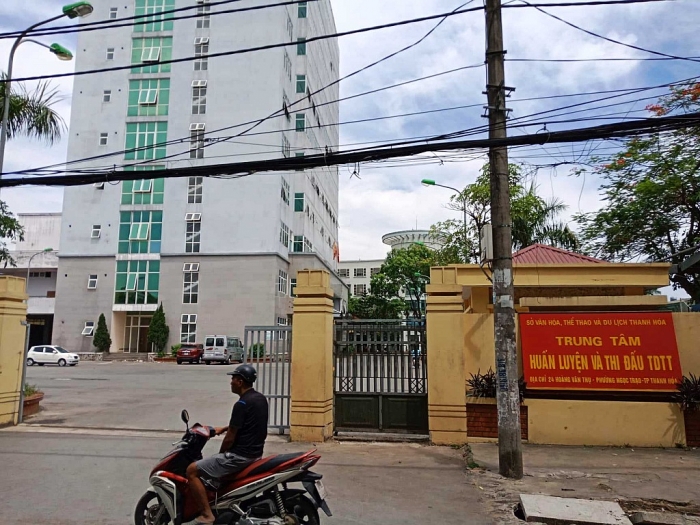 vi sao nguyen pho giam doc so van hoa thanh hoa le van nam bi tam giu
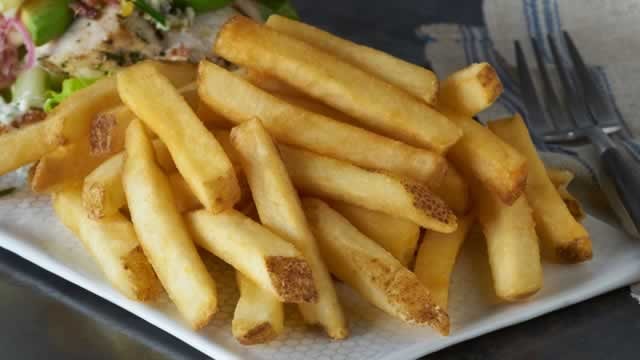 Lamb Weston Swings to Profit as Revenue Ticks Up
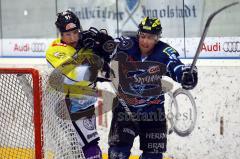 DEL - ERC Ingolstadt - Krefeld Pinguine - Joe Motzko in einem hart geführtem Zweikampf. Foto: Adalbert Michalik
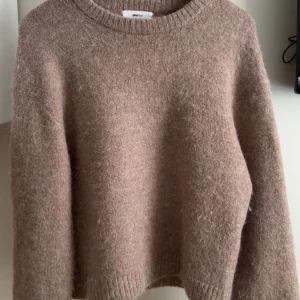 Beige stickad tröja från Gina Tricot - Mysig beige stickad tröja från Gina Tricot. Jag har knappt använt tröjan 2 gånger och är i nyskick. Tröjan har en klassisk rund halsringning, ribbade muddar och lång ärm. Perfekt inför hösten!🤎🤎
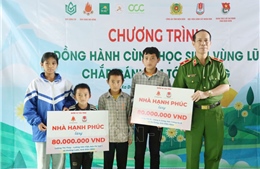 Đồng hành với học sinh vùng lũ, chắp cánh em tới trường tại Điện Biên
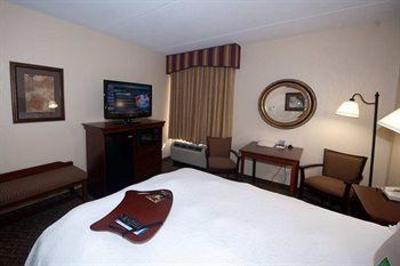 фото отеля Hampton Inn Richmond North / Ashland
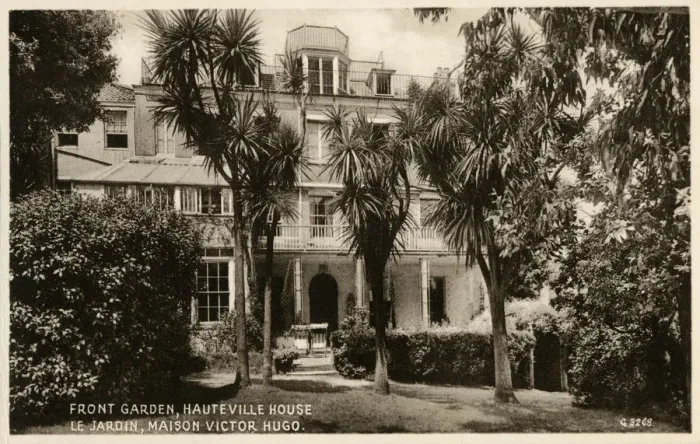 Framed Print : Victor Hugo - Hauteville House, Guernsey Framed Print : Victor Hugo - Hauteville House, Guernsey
┄┄┄┄┄┄┄┄┄┄┄┄┄┄┄┄┄┄┄┄
Your task:
An exact reprint of every record is required, with the pictures omitted.

Result of the exercise:
 vi sao nguyen pho giam doc so van hoa thanh hoa le van nam bi tam giu
 Lamb Weston Swings to Profit as Revenue Ticks Up
 DEL - ERC Ingolstadt - Krefeld Pinguine - Joe Motzko in einem hart geführtem Zweikampf. Foto: Adalbert Michalik
 Beige stickad tröja från Gina Tricot - Mysig beige stickad tröja från Gina Tricot. Jag har knappt använt tröjan 2 gånger och är i nyskick. Tröjan har en klassisk rund halsringning, ribbade muddar och lång ärm. Perfekt inför hösten!🤎🤎
 Đồng hành với học sinh vùng lũ, chắp cánh em tới trường tại Điện Biên
 фото отеля Hampton Inn Richmond North / Ashland
 Framed Print : Victor Hugo - Hauteville House, Guernsey Framed Print : Victor Hugo - Hauteville House, Guernsey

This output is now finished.